China may be allowing many steel mills, aluminium smelters and coal mines to shut down as part of plans to rein in overcapacity and also “rebalance” its economy to one that is less investment-heavy, manufacturing-dominated and export-led.
But there are no such cutbacks seemingly with regard to agriculture. The clearest indication of this came on February 3, when the state-owned China National Chemical Corporation (ChemChina) offered to buy Syngenta for a value of over $43 billion, which the Swiss agrochemicals and crop biotech major agreed to.
The significance of the deal stems from Syngenta happening to be the world’s largest crop protection chemicals firm by sales, ahead of Bayer CropScience, BASF or even the combined entity resulting from the merger of DuPont and Dow Chemical. Moreover, it is a company that Monsanto, only six months ago, had tried to acquire. That, had it taken place, would have created a mega agricultural science corporation enjoying global leadership in both agrochemicals as well as seeds and genomics (see chart).
Syngenta’s takeover by ChemChina, however, is no ordinary ownership change transaction that have become commonplace in the global economy. It is, more than anything else, a pointer to the importance that the authorities in China are attaching to ensuring food security, which is now viewed as a strategic national priority. It also ties in with a speech by President Xi Jinping, published in 2014, which openly endorsed commercialisation of genetically modified (GMO) crop by stating: “[We] must boldly research and innovate, dominate the high points of GMO techniques, and [we] cannot let foreign companies dominate the GMO market”.

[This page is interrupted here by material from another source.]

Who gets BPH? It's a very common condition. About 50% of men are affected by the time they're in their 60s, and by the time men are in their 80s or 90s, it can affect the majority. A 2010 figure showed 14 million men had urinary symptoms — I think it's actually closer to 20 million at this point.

In this case, a Chinese state-owned firm acquiring a multinational with significant presence even in the GMO space — especially in corn, soyabean and even wheat — fits well into the framework of technological self-reliance underlined in President Xi’s address. Coming in the wake of recent renewal of permits to two state-owned research institutes for carrying out bio-safety field trials in rice and maize — genetically engineered to confer stem borer insect pest-resistance and enable more efficient soil phosphorous absorption, respectively — it signals an increasing willingness to embrace GMO technology on the country’s own terms.
The same keenness to expand global reach in food and agriculture was displayed two years back, when yet another state-run enterprise COFCO (China National Cereals, Oils and Foodstuffs Corporation) bought 51 per cent stakes in two major multinational farm commodity trading-cum-processing firms, Noble Agri and Nidera. The dual acquisition was seen as reflective of Chinese ambitions to break the stranglehold of the ‘ABCD’ — short for the four commodity giants, namely Archer Daniels Midland, Bunge, Cargill and Louis Dreyfus — over the global grain and oilseeds trade.

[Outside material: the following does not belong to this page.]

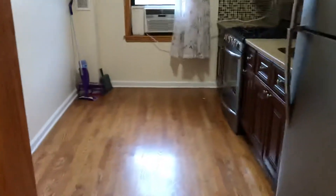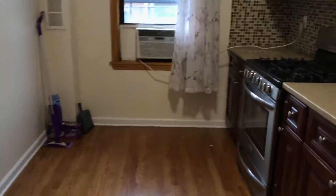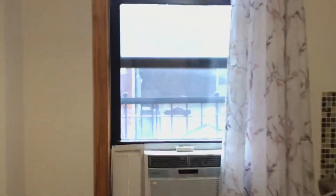On your right you'll see the kitchen — stainless appliances, a lot of cabinets. It's facing the street.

Ashok Gulati, one of the few Indian economists to track Chinese agriculture, believes there is a conscious design in all these moves. The underlying motive is to achieve self-reliance in crucial agri-commodities — either through increasing domestic production by investing in agricultural productivity-boosting technologies or gaining control over global trading and processing networks via promoting a ‘fifth ABCD’.
At its peak, China has annually imported up to 80 million tonnes (mt) of soyabean, 7 mt of wheat, 6 mt of maize and 14 million bales of cotton. “It appears they have now decided to accord a very high priority to their own agriculture. Some of it may also be a response to simmering discontent that can explode with slowing growth,” says Gulati.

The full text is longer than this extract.